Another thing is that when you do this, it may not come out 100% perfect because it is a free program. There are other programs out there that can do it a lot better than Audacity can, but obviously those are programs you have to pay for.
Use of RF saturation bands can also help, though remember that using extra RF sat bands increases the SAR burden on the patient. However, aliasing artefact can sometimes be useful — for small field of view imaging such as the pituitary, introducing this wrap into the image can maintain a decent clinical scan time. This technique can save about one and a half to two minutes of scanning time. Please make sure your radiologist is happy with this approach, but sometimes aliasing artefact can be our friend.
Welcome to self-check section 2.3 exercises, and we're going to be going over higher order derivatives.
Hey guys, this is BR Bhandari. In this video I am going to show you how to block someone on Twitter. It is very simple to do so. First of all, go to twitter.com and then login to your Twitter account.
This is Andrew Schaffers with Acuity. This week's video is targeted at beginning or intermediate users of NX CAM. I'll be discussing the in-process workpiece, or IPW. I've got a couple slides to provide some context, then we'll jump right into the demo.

-------

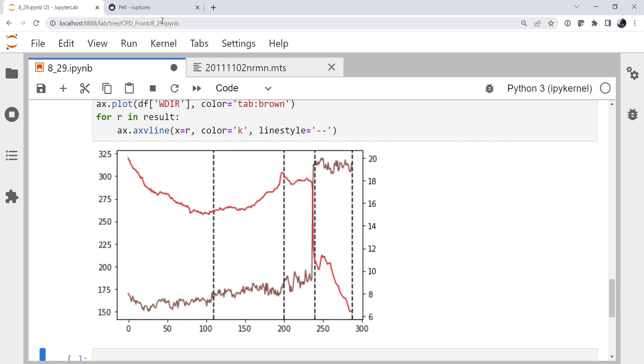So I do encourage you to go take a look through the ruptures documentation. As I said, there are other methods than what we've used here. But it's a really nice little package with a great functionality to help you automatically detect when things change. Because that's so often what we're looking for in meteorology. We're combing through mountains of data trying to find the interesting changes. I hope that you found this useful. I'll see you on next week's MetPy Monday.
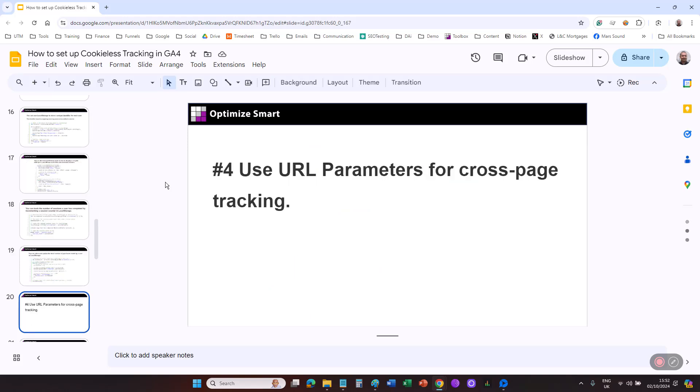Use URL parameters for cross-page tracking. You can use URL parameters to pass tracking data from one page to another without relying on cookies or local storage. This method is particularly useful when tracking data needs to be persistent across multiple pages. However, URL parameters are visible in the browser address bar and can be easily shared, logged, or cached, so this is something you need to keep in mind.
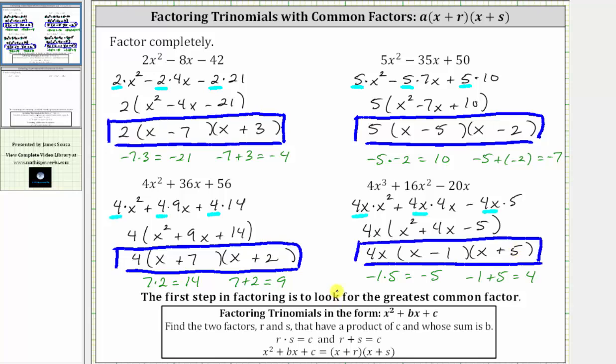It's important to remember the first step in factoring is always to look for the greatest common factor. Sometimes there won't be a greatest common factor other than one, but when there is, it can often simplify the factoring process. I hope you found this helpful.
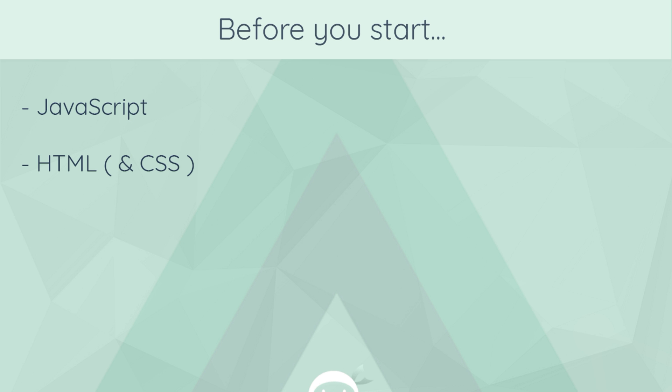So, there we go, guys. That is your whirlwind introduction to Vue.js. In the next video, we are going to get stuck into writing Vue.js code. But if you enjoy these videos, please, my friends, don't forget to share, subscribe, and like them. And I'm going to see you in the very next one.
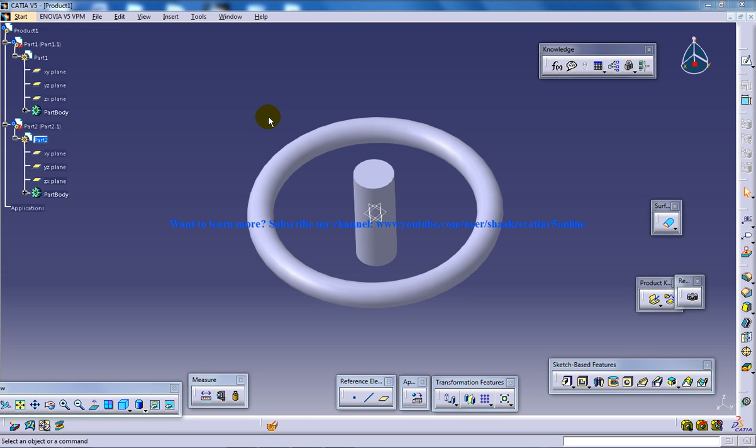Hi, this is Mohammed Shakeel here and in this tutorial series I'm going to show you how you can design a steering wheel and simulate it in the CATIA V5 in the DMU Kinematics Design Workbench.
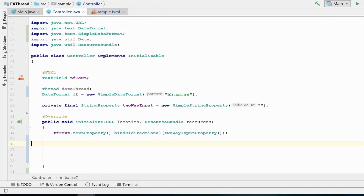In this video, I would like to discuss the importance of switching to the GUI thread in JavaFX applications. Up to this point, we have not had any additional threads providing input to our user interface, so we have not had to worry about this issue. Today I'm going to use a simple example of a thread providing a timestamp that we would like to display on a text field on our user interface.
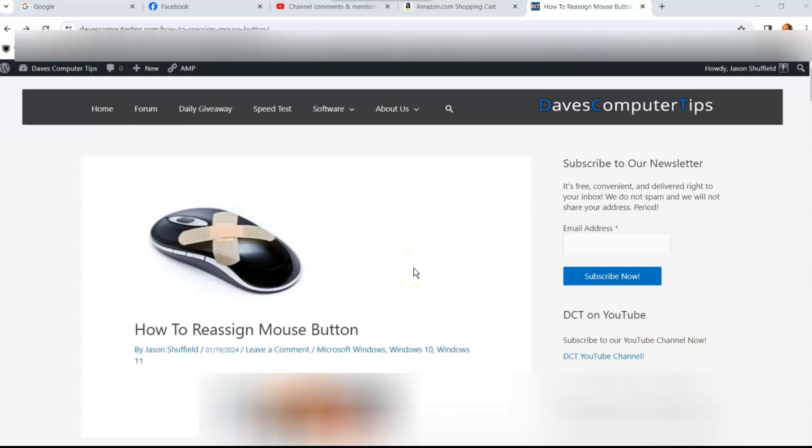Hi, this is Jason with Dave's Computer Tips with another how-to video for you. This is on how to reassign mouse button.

-------

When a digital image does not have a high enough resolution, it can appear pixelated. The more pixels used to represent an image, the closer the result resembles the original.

-------

● EXERCISE INSTRUCTIONS
Quote word for word only the lines above from the one containing "It's important to" through the one containing "Hi, this is Jason". Pictures stay out of your copy.

● SOLUTION
It's important to remember the first step in factoring is always to look for the greatest common factor. Sometimes there won't be a greatest common factor other than one, but when there is, it can often simplify the factoring process. I hope you found this helpful.
So, there we go, guys. That is your whirlwind introduction to Vue.js. In the next video, we are going to get stuck into writing Vue.js code. But if you enjoy these videos, please, my friends, don't forget to share, subscribe, and like them. And I'm going to see you in the very next one.
Hi, this is Mohammed Shakeel here and in this tutorial series I'm going to show you how you can design a steering wheel and simulate it in the CATIA V5 in the DMU Kinematics Design Workbench.
In this video, I would like to discuss the importance of switching to the GUI thread in JavaFX applications. Up to this point, we have not had any additional threads providing input to our user interface, so we have not had to worry about this issue. Today I'm going to use a simple example of a thread providing a timestamp that we would like to display on a text field on our user interface.
Hi, this is Jason with Dave's Computer Tips with another how-to video for you. This is on how to reassign mouse button.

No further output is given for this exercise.